TASK DESCRIPTION:
Please reproduce the entries exactly as they appear below, but not the pictures.

+---+

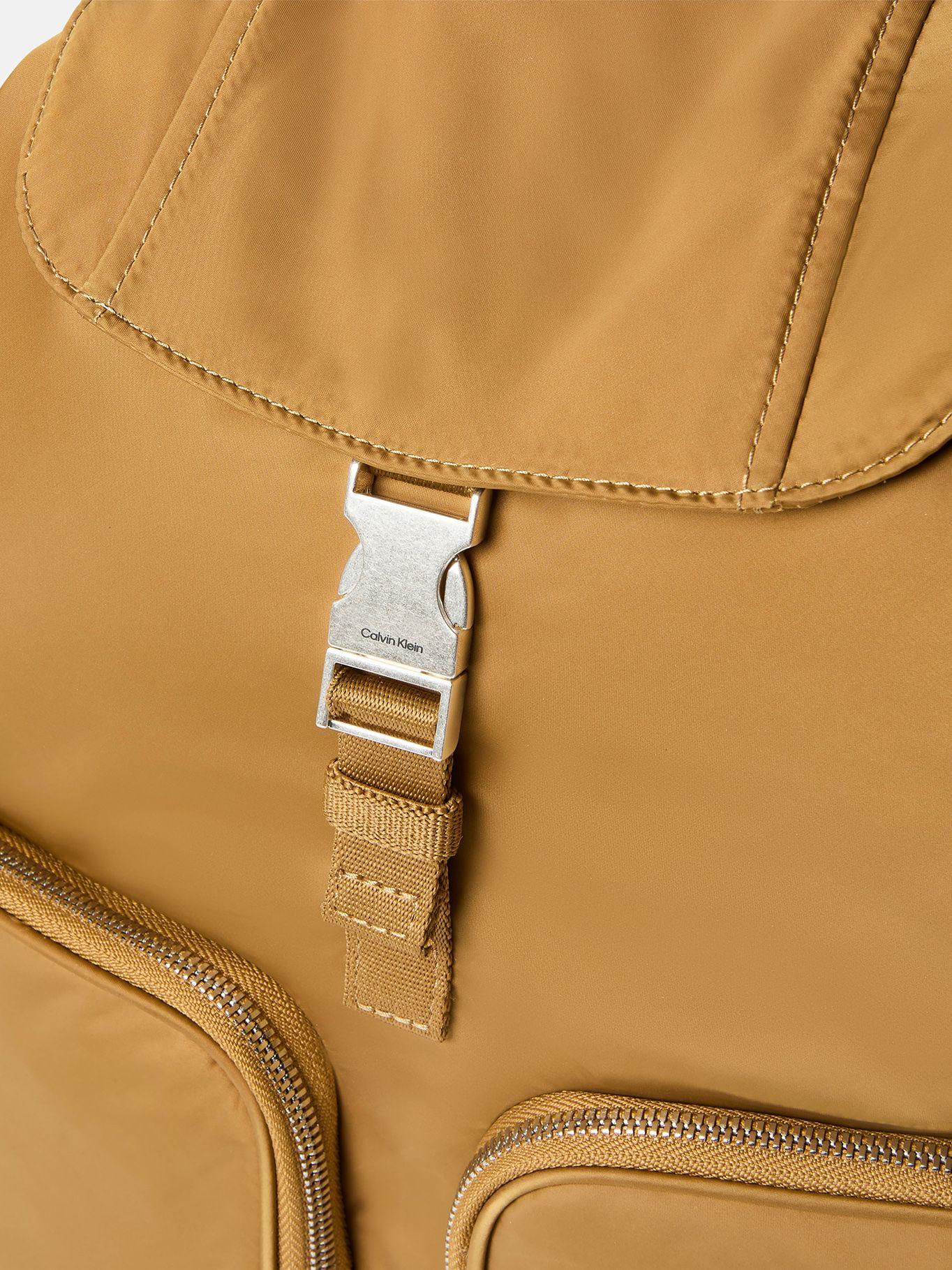 Mochila Y Solapa De Satén Y Nailon Dorado Calvin Klein-3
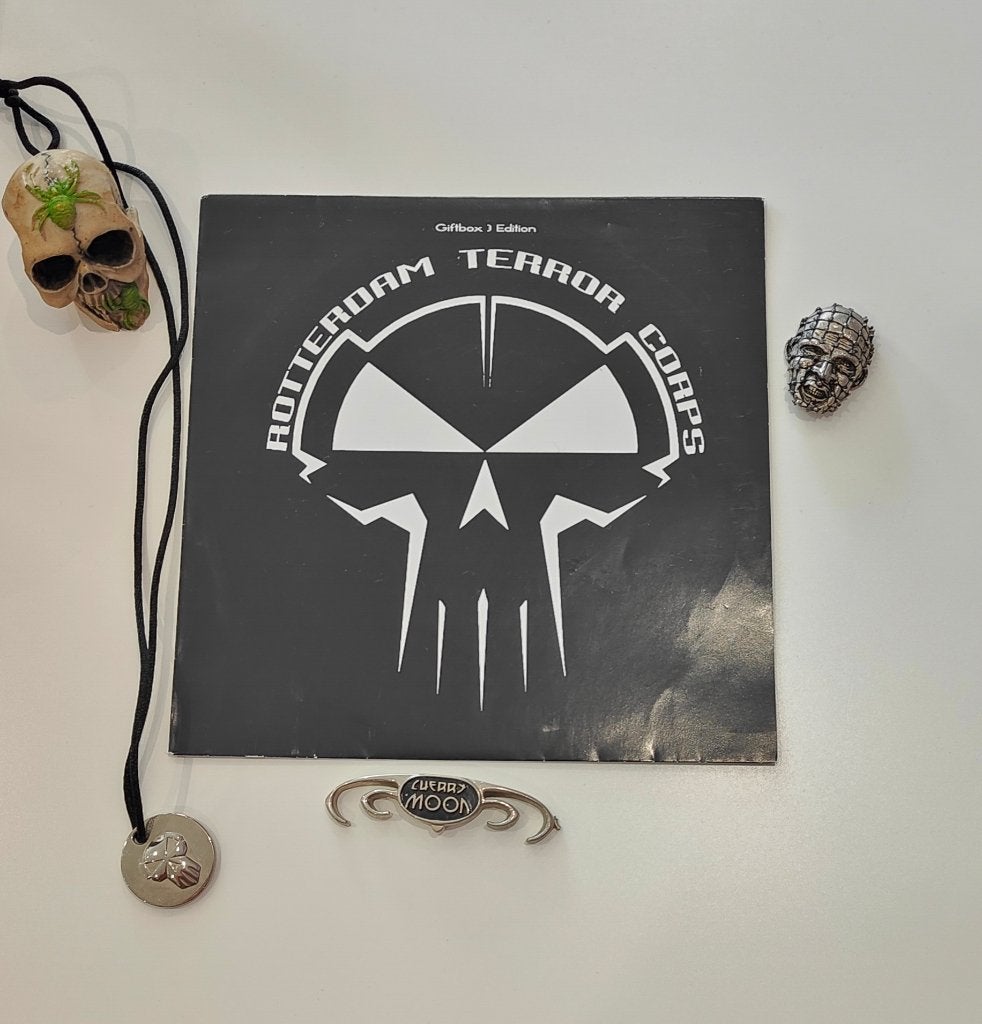 Set Rotterdam Terror Corps single + accessoires, CD & DVD, Autres formats, Autres genres, Enlèvement, Utilisé
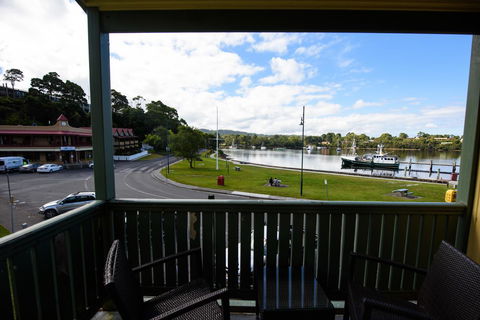 Strahan Village - Sydneys Hotel 21
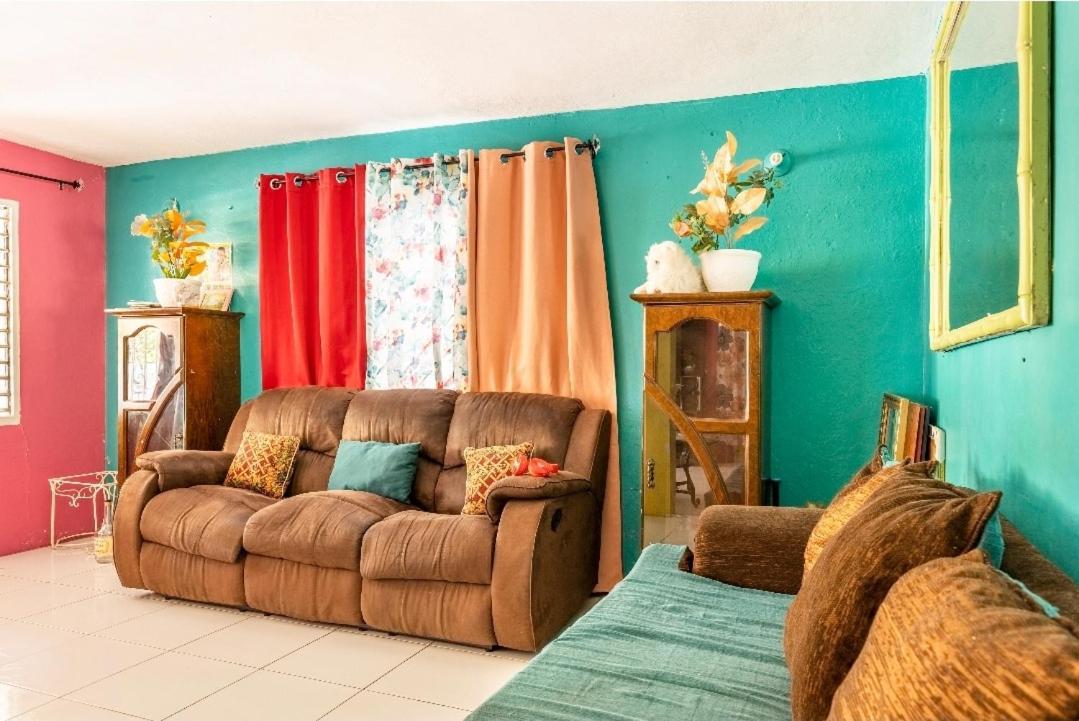 Colorful Private Room Oasis Montego Bay Exterior photo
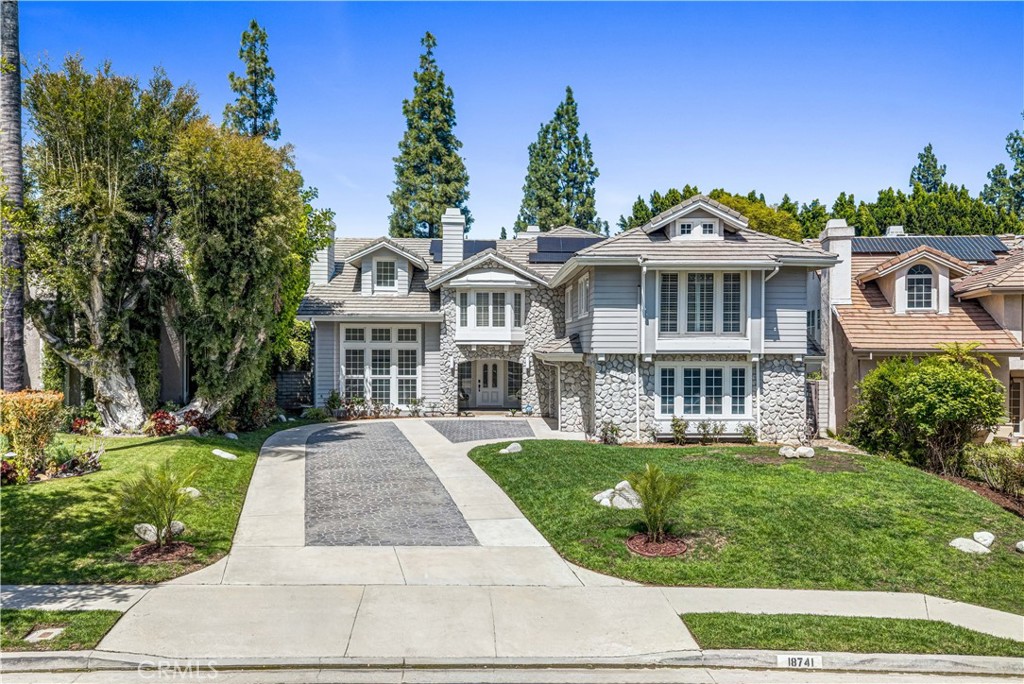 18741 Hillsboro
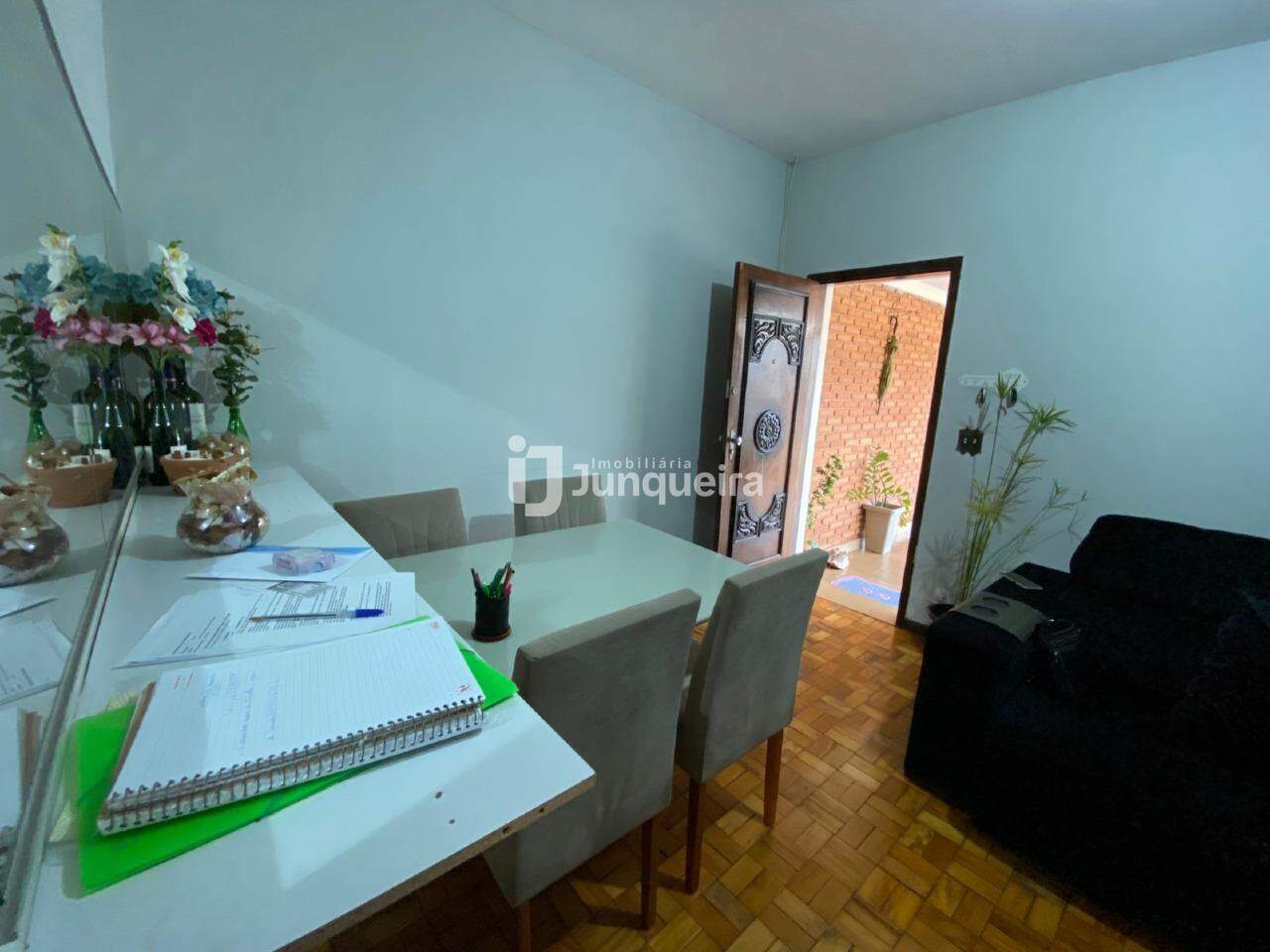 Casa à venda, 2 quartos, 1 vaga, no bairro Vila Rezende em Piracicaba - SP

+---+

PROBLEM SOLUTION:
 Mochila Y Solapa De Satén Y Nailon Dorado Calvin Klein-3
 Set Rotterdam Terror Corps single + accessoires, CD & DVD, Autres formats, Autres genres, Enlèvement, Utilisé
 Strahan Village - Sydneys Hotel 21
 Colorful Private Room Oasis Montego Bay Exterior photo
 18741 Hillsboro
 Casa à venda, 2 quartos, 1 vaga, no bairro Vila Rezende em Piracicaba - SP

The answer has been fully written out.